BBC Brasil - Os livros da série Fandórin são histórias de detetives, mas o que atrai muitos leitores, sobretudo internacionais, é o fundo histórico. Como o sr. compararia a Rússia na qual vive o personagem – com os conflitos do período czarista – com a Rússia do período Putin?

Boris Akunin – Há incontestavelmente nas minhas obras alusões a Rússia atual. No entanto, eu descrevo às vezes situações que não poderiam ter existido na época retratada nos livros. Os leitores podem adivinhar que são anacronismos voluntários. Mesmo que as diferenças entre a Rússia atual e a do final do século 19 sejam importantes, há também semelhanças significativas. As duas épocas são caracterizadas por regimes políticos autoritários, mas que não são totalitários. O que significa que meus personagens, como os russos de hoje, têm sempre a livre escolha de agir de uma maneira moral ou imoral. O Fandórin preferiu deixar o serviço público e foi trabalhar como detetive. Tenho amigos que estavam na Academia russa de Ciências e que fizeram o mesmo (deixar o serviço pública por razões morais).

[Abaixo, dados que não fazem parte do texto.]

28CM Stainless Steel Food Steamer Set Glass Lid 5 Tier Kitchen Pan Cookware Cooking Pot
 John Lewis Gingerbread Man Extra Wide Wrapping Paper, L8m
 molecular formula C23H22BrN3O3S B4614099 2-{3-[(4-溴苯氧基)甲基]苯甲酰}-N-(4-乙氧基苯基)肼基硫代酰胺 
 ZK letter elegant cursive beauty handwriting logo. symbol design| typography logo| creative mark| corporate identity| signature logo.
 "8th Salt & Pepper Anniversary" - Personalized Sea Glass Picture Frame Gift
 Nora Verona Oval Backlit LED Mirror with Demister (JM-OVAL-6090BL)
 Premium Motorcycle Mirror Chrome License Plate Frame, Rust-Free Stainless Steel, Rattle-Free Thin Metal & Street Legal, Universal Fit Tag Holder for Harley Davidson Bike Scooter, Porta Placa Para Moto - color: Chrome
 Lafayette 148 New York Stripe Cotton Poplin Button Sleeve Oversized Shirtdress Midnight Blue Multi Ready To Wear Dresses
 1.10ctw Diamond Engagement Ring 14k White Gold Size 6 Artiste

BBC Brasil - Erast Fandórin é um personagem com grande senso moral. Alguém como ele poderia existir na Rússia de hoje e trabalhar nos serviços de segurança?

Boris Akunin – Tenho certeza de que seria impossível o Fandórin trabalhar hoje nos serviços secretos ou na polícia. Mas eu acho que ele pode ser um exemplo para muitos russos e fico orgulhoso com isso. Um padre me contou que um jovem parou de roubar após ter lido meus livros.

BBC Brasil - Cinco de seus livros foram publicados no Brasil. O sr. já foi convidado para participar da Flip - Festa Literária Internacional de Paraty?

Boris Akunin -Nunca fui ao Brasil. É muito longe. Trabalho o tempo todo. Não teria vindo à França apenas para participar deste Salão do Livro. Não faço coisas desse tipo. Viajo sempre à França para escrever. Tenho um apartamento em Paris. Não conheço muita coisa sobre o Brasil, mas em um dos meus livros o Fandórin investiga um caso ligado à côrte de D. Pedro 2º.

BBC Brasil - Por que as adaptações cinematográficas dos livros da série Fandórin nunca foram exibidas na Europa ou nos EUA? Isso está ligado a algum tipo de boicote?

Boris Akunin - A produção cinematográfica russa não é boa, o nível não é elevado. Mas a principal razão é que nos últimos dez anos eu tinha um contrato com a companhia do cineasta Paul Verhoeven (dos filmes Robocop e Instinto Selvagem) que proibia que longas filmados na Rússia fossem exibidos no exterior. Mas esse contrato acabou neste ano. Talvez agora isso possa ser solucionado.